Of the 961 trading days since 2004, 516 traded above the previous day's high price and 433 traded below the prior day's low. Interestingly, however, only 274 of the 516 occasions actually closed above the prior days high and only 211 of the 433 occasions closed below the prior day's low.

What that illustrates is that, if we consider the previous day's trade to represent a trading range, the next trading day often trades outside the range but ultimately falls back into that range.

Along that line, only 129 out of the 961 days--less than 15%--are inside days (i.e., trade with both a lower high and a higher low than the prior day). Thus, 832 out of the 961 days break out of the prior day's range at some point during the day, but only 485 of those occasions (about 60%) actually close outside the previous day's range.

Out of the 961 trading days, 117 (or about 12%) were outside days (i.e., trade with both a higher high and a lower low relative to the prior day). Of these outside days, only 24 closed higher than the prior day's high and 40 closed lower than the previous day's low. This means that, once again, about 40% of all moves outside the prior day's range returned back to that range.

As we look at variables beyond current and recent price, we will want to identify those that help us determine which days will sustain their moves outside the prior day's range and which will revert to that range.

Now for just one added variable:

When the current market closes in the top half of its daily trading range, the next day takes out the previous high price 378 out of 554 times, or about 2/3 of the time. When the current market closes in the top half of its daily trading range, the next day takes out the previous low price on 189 occasions--about 1/3 of the time.
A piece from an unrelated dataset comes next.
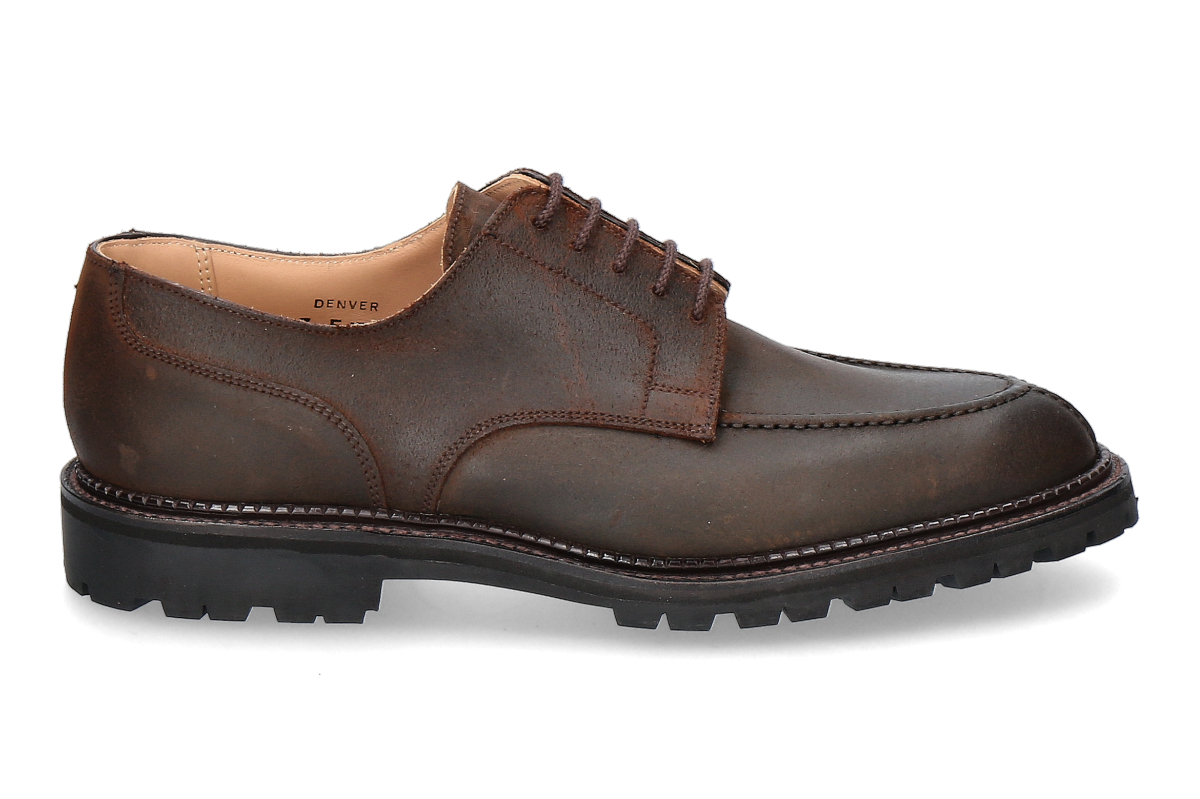 Crockett & Jones lace-up shoe DENVER Suede- Dark Brown Rough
When the current market closes in the bottom half of its daily trading range, the next day takes out the prior low price 244 out of 407 occasions, or about 60% of the time. When the current market closes in the bottom half of its daily trading range, the next day takes out the prior high price 138 times--about 35% of the time.

As we might expect, then, strong closes (those that finish in the top half of their trading range) are more likely to be associated with days in which we trade above the prior day's high; weak closes are more likely to be associated with days in which we trade below the prior day's low. Only about 1/3 of the time will a strong (weak) close be followed by a break of the prior day's low (high).

When we close strong, the next day closes above the prior day's high 210 out of the 378 occasions in which it trades above that high. When we close strong, the next day closes below the prior day's low only 91 of the 189 occasions in which it trades below that low. Once again, we see that many days that trade outside the prior day's range fall back into that range.

Similarly, when we close weak, the next day closes above the prior day's high 64 of the 138 occasions in which it trades above that high. When we close weak, the next day closes below the prior day's low 120 of the 244 occasions in which we trade below that low. In other words, half of all occasions in which we trade below the prior day's low don't ultimately close below that low.

These are basic observations; nothing in them by themselves is a trading pattern. But there are some interesting findings. 85% of all days will trade outside the prior day's range. Only 50-60% of all trading days, however, will close outside that range. About 2/3 of strong days will be followed by days that trade above the prior day's high; 2/3 will stay above the previous day's low. Similarly, about 60% of weak days will be followed by days that trade below the previous day's low; about 2/3 will stay below the prior day's high.

Let's see in upcoming posts if any indicators help us shift those odds further.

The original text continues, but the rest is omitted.